Daily Investment Market News from London
Saturday 22nd of November 2008
June 5, 2008

Las Vegas Sands posts losses


by Kay Murchie

Las Vegas Sands posts losses

Even Sin City is struggling throughout the US economic downturn as fewer tourists are visiting the world’s gambling capital. As a result, Las Vegas Sands, has gone into the red.

The hotel and casino company announced losses of $11.2mn (£5.6 million) in the first quarter of the year, compared with a $90.9m profit a year earlier.

A weak US economy, competition in the Chinese gambling centre of Macau and rising construction costs are to blame for the losses.

William Weidner, Las Vegas Sands’ president and chief operating officer, said hotel occupancy was lower as fewer tourists came to Las Vegas and first-quarter operating results reflect both an intensely competitive operating environment in Macau as well as a weaker environment here in the US.

The casino sector in Macau has thrived since a 2001 law stripped casino tycoon Stanley Ho’s SJM group of its monopoly.

However, competition increased when MGM Mirage opened in Grand Macau late last year, some of the island’s big gamblers went there instead.

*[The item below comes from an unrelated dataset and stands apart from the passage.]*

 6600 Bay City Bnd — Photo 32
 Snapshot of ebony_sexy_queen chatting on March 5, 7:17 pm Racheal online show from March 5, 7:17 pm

Las Vegas Sands’ is proposing to increase the credit it offers the high rollers in an effort to win them back. Furthermore, it has announced its intention to invest between $12 billion and $14 billion to build 20,000 hotel rooms by 2010 in Macau.

In related news, a joint venture between Australia’s Crown, Texas developer Christopher Milam and private equity firm York Capital Management, have scrapped plans to build a $5 billion (£2.5 billion) casino complex in Las Vegas.

The complex was set to be one of the tallest towers in the US at 324m high and include a 5,000-room hotel.

Crown chief executive, Rowen Craigie, said the recent upheavals in world credit markets have made it increasingly difficult for Crown and its partners to develop a commercially viable project on what remains an attractive location on the Las Vegas strip.

According to Angus Gluskie of White Funds Management, it is indicative of the fact that in a slowing growth environment, the gaming sector does carry some short-term risk, given its exposure to discretionary spending.

The location on the former Wet ‘n’ Wild site, next to the Sahara Hotel at the northern end of the Las Vegas strip, was put up for sale in March.